Scientists are also learning that changes to the composition of bacteria in your body — known as your “microbiome” — correlate with several disease states.
So you might want to know what those bacteria are.
Enter Mykinso, a Japanese app that offers people a way to see what’s living inside their gut.
Submitting samples for DNA mapping usually involves rubbing a cotton swab on the inside of your cheek. Mapping the microbiome in your gut is a little more … hands-on.
Here’s how it works: After registering with the app, you fill out a lifestyle questionnaire, pay $170, and Mykinso sends you a poop-sample collection kit. (The cheerful icon on their website shows a little dropper held over a toilet bowl.)
Here’s the fun part: You take a poo, then use the dropper to collect samples of it, squeeze them out into the little plastic envelope that’s included, and mail them off to Japan. Note to Mykinso’s CEO, if you’re reading this: A hard-sided container might make postmen feel better.
Next, Mykinso analyzes your stool samples, and sends you their findings via the app, telling you which bacteria are in your gut what you can do to improve your health.
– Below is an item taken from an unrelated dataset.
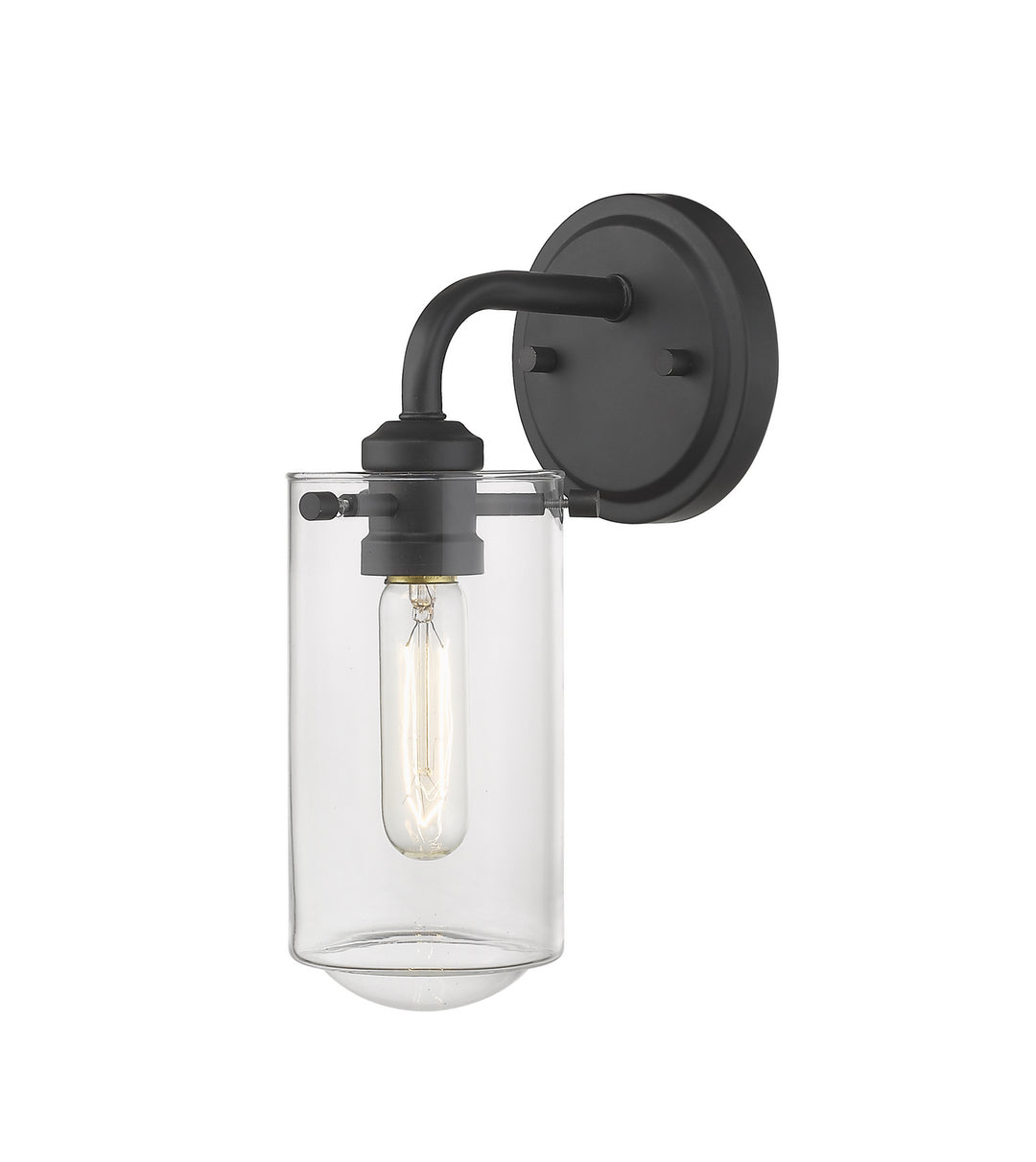 Z-Lite Canada - 471-1S-MB - One Light Wall Sconce - Delaney - Matte Black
Mykinso describes the whole process in an explainer video on their website, complete with the obligatory acoustic guitar track, and cartoons of happy users and adorable little microbes. I can almost hear the teenage girls screaming, kawaiiiii! (“So cute!”) ✌.ʕʘ‿ʘʔ.✌
Mykinso is evidence of the increasing focus on microbiomes in the medical field. The National Institutes of Health (NIH) says it may be possible to improve your health by making changes to your microbiome.
But aside from improving general health, researchers are also concerned about “superbugs,” or bacteria that are resistant to antibiotics, because antibiotics have been over-prescribed. Harmless inside our gut, these superbugs are sometimes exposed through accidents or medical treatment and attack people with illnesses no drugs can treat. In a worst-case scenario, a superbug could be a plague that kills large numbers of people while researchers look on helplessly.
The NIH’s Human Microbiome Project is cataloging the microbes in our bodies, and researching how manipulating them can affect or help us. It’s similar to the successful Human Genome Project, which mapped human DNA to find ways to improve our health. The Human Genome Project made people more curious about their own DNA, and several services sprang up that let you get your DNA mapped. Mykinso promises to do that for your microbiome.
A medical journalist I spoke to didn’t take Mykinso very seriously, but since it’s affiliated with research institutions like Japan’s Riken, I wouldn’t be surprised if some of the data they collect winds up contributing to international efforts to map our microbiomes. After all, home DNA tests are helpful for the researchers assembling the human genome, because they give them more data to work with.
Mykinso, which secured a $2.3 million round of funding in December and is already in operation, is aimed at the Japanese market. They see San Francisco-based uBiome, which has raised $27 million, as their principal rival. uBiome’s stated goal is “to map the human microbiome with citizen science.” We’ll probably see similar apps springing up to collect poo from people around the world.
Curious about what’s in your gut now?